The Nastiness Act, A Lock of Hair That Used to Be Attached to Mary, Haggis and Rob Brydon

Aye, it does rain in Scotland. Usually, I’m told, a wee bit of ongoing mist, but sometimes a freaking downpour. And yet I booked a private tour of the Royal Mile and Edinburgh Castle, and the show must go on. The Mile is very touristy, but, like many such places, with a little effort and intrepidity you can have your own singular experience in spite of it.

My guide, Gains, has a PhD in History, and he brought whisky. As we meandered up the mile, he had many colorful tales to tell. Best of all, he poured wee drams at 10:30 in the morning as we stood in front of The Writers Museum, devoted to the Scottish trifecta of 18th and 19th century writers, Robert Burns, Sir Walter Scott and Robert Louis Stevenson. Over my drams he told me about Burns Night every January 25, when Scotland celebrates their Rabbie’s birthday with a bit of frivolity and drink. It was a very Scottish moment.

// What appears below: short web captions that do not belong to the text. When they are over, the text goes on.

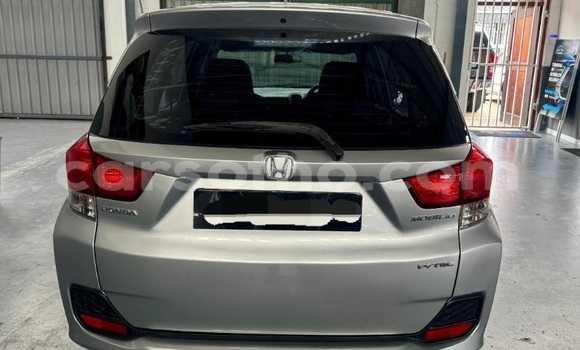 Buy Used Honda Mobilio Silver Car in Mohale's Hoek in Mohale's Hoek Buy Used Honda Mobilio Silver Car in Mohale's Hoek in Mohale's Hoek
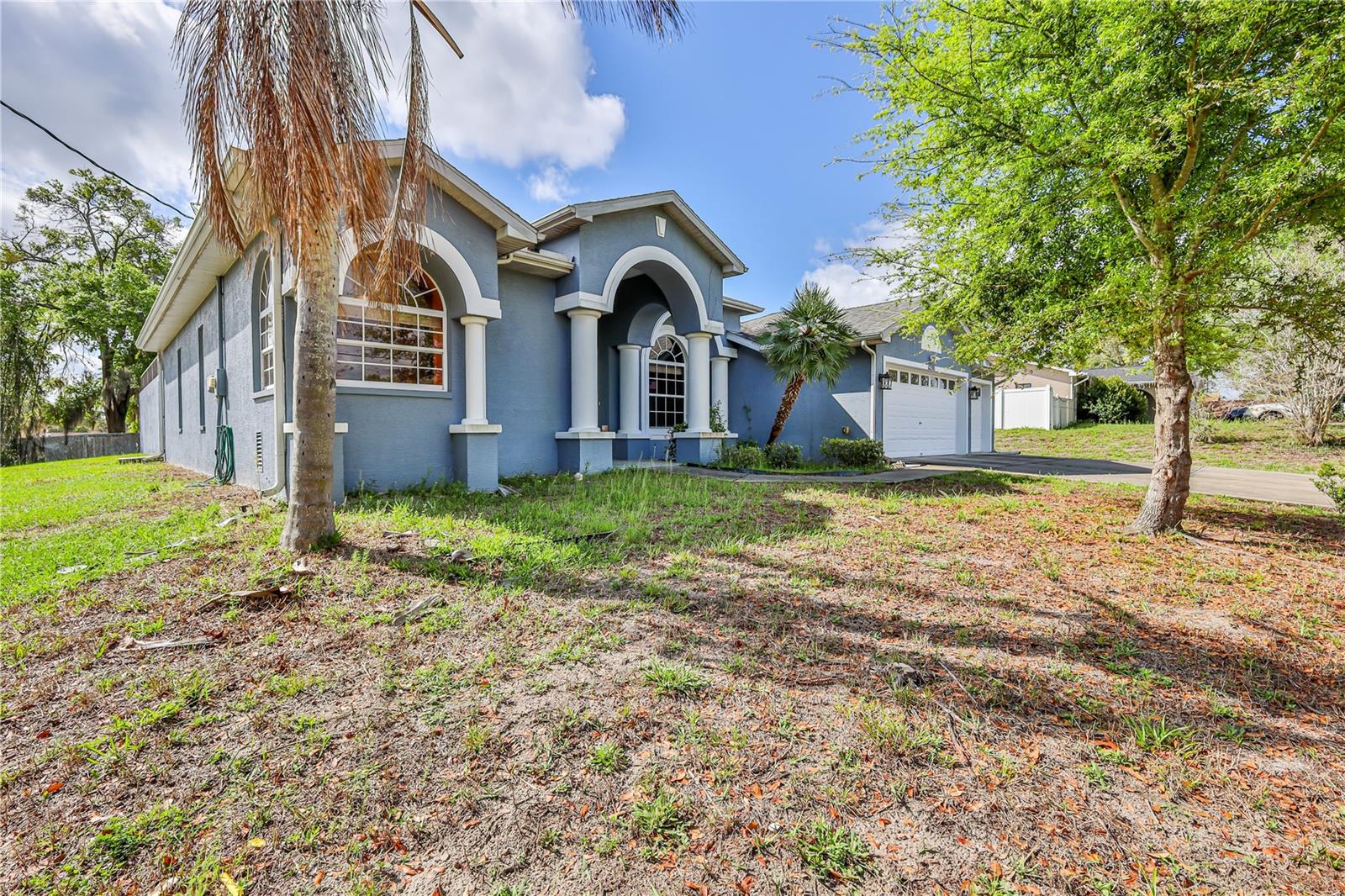 Listing photo id 2 for 12390 Glen Haven Street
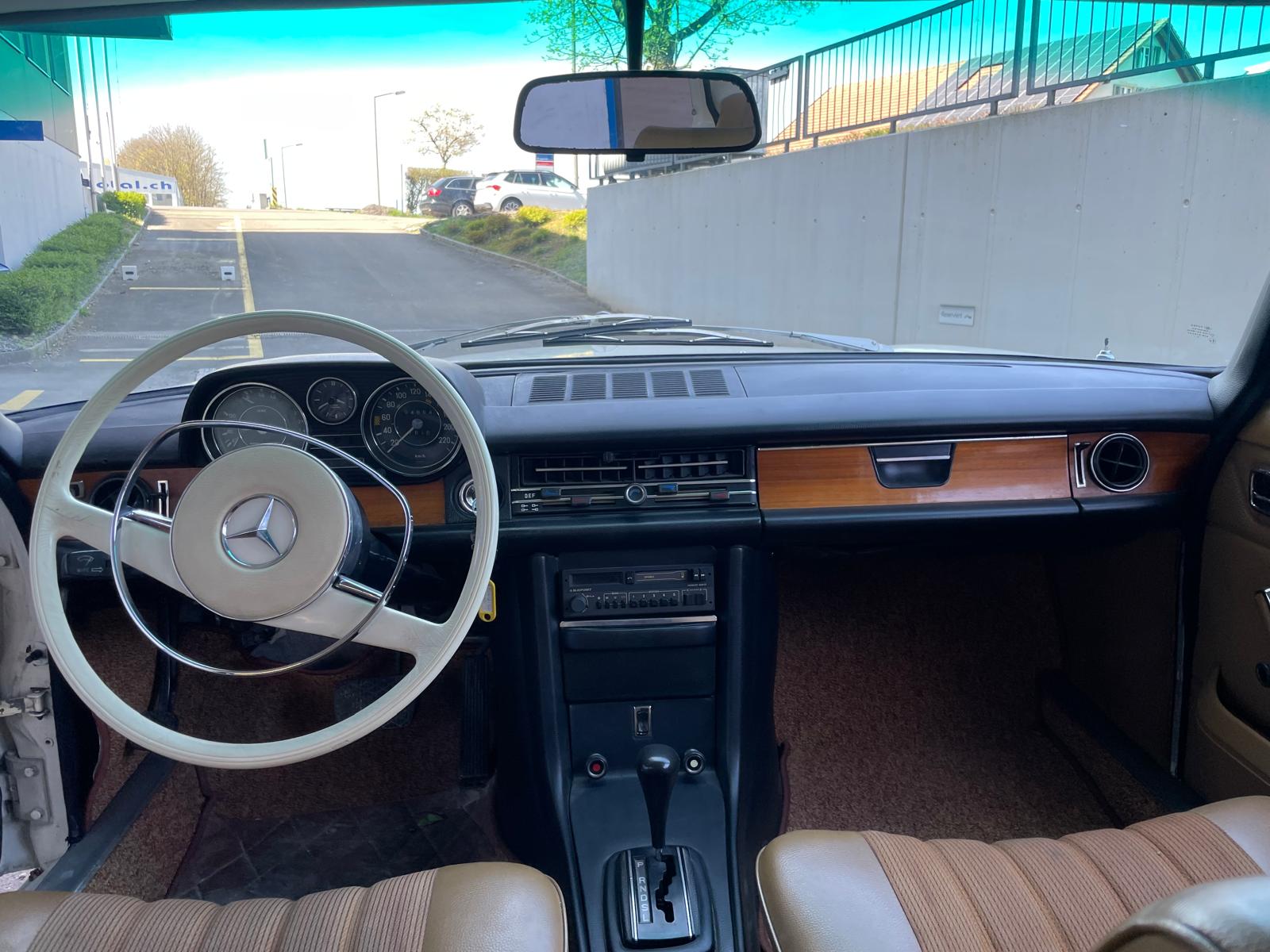 MERCEDES-BENZ E 250-image-5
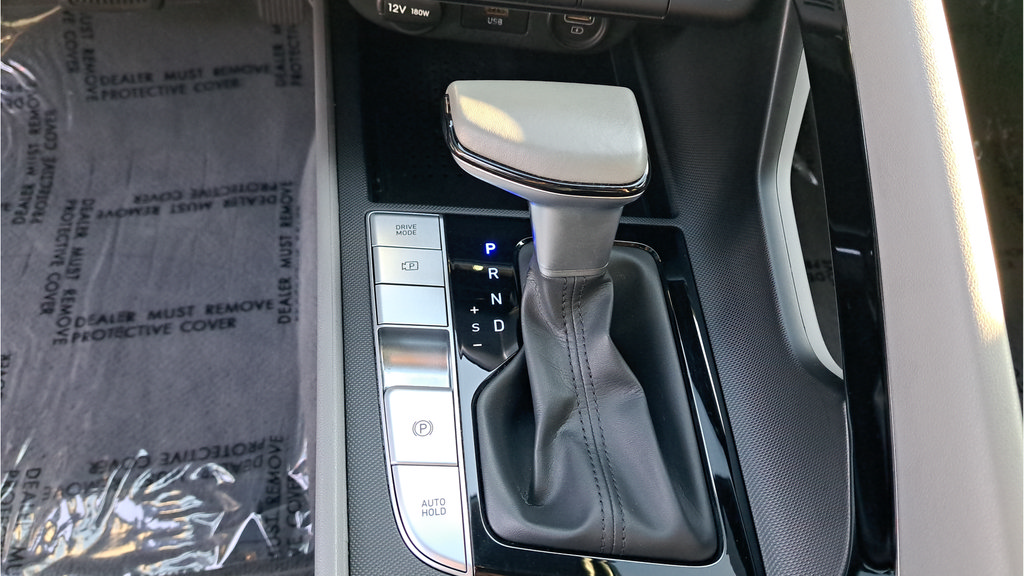 Used 2023 Hyundai Elantra SEL w/ Convenience Package FWD image 22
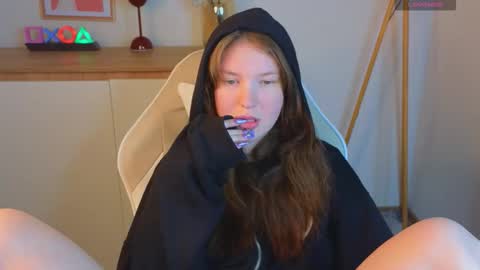 Mona online show from 09.25.25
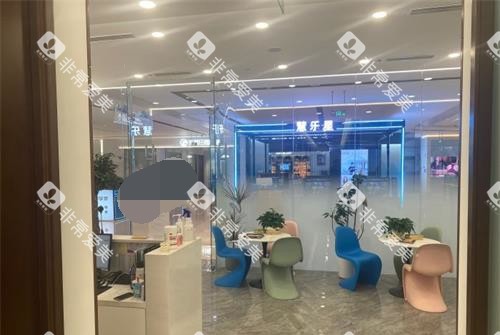 北京斯迈尔口腔大厅环境示意图 北京斯迈尔口腔大厅环境示意图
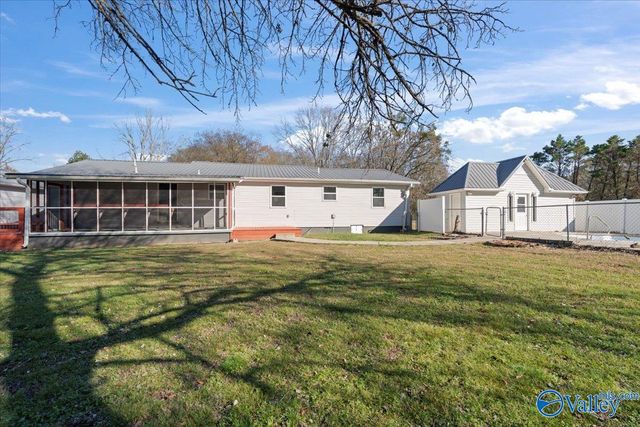 50 Lakeshore Drive, Laceys Spring, AL 35754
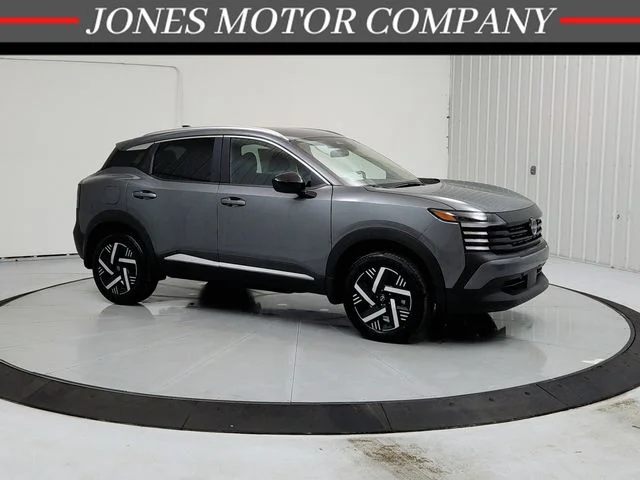 2026 Nissan Kicks 2.0 SV's photo
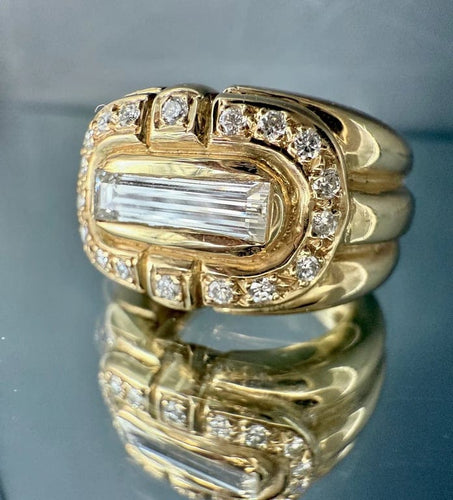Bague 51 Bague en or jaune 18 carats avec diamant baguette 1 ct et diamants 58 Facettes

As romantic as the Mile is now, it used to be utterly disgusting. Its streets floated with raw sewage and it was massively overcrowded with people in tenement-style buildings up to 14 stories tall. More than 50,000 Scots were crammed within its walls and livestock roamed freely. There was no plumbing (ignoring Roman tech) and so once a day residents would dump buckets of waste into the streets from upper windows. There was a bit of a warning first: “Gardyloo!” This was from the French gardez l’eau, but all credit to the Scots, not really l’eau at that point, loo being much more accurate. Residents used to be able to dump at any hour of the day, but in 1749 The Nastiness Act was passed which decreed waste could only be tossed out between 10:00 pm and 7:00 am.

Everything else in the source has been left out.